[DATA SECTION Boundary: Start]

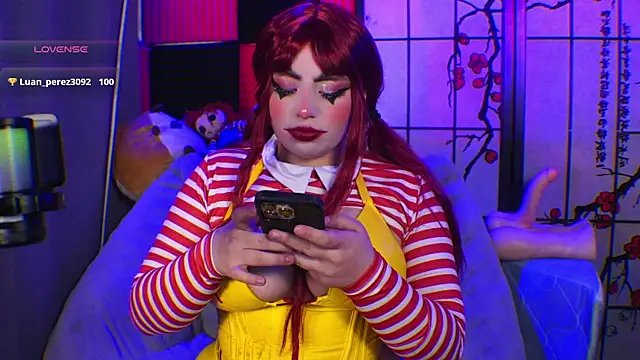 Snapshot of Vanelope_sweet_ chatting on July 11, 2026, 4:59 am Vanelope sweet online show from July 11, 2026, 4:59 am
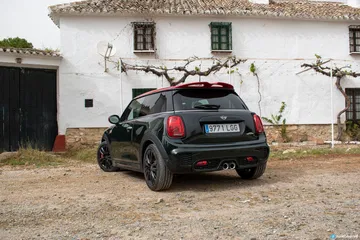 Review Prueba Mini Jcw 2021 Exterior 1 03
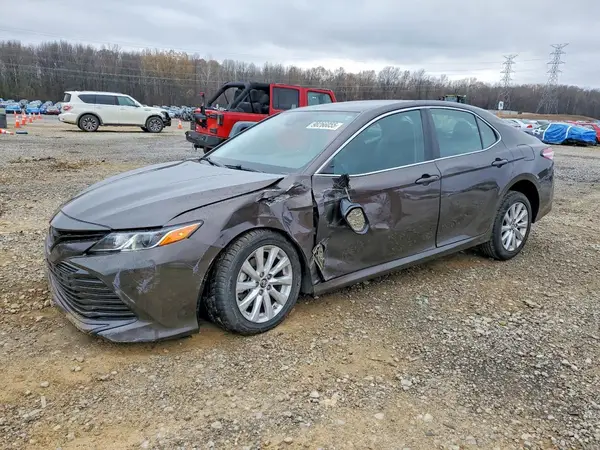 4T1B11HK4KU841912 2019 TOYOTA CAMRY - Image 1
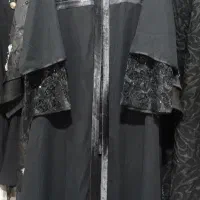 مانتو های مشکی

[DATA SECTION Boundary: End]

TASK OBJECTIVE — Each line of the listing above belongs in the answer exactly as written; the pictures do not.

TASK ANSWER —
 Snapshot of Vanelope_sweet_ chatting on July 11, 2026, 4:59 am Vanelope sweet online show from July 11, 2026, 4:59 am
 Review Prueba Mini Jcw 2021 Exterior 1 03
 4T1B11HK4KU841912 2019 TOYOTA CAMRY - Image 1
 مانتو های مشکی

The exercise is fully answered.